■ Problem to work on ■
Write out the entries, please, from the line containing "kitchen with sink, ceiling" through their final line, exactly and with nothing else.

### Listed records ###

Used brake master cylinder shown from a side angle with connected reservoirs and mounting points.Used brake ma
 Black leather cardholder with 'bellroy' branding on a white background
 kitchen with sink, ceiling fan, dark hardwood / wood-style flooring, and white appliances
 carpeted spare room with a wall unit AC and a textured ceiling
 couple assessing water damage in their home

###

■ Answer below ■
 kitchen with sink, ceiling fan, dark hardwood / wood-style flooring, and white appliances
 carpeted spare room with a wall unit AC and a textured ceiling
 couple assessing water damage in their home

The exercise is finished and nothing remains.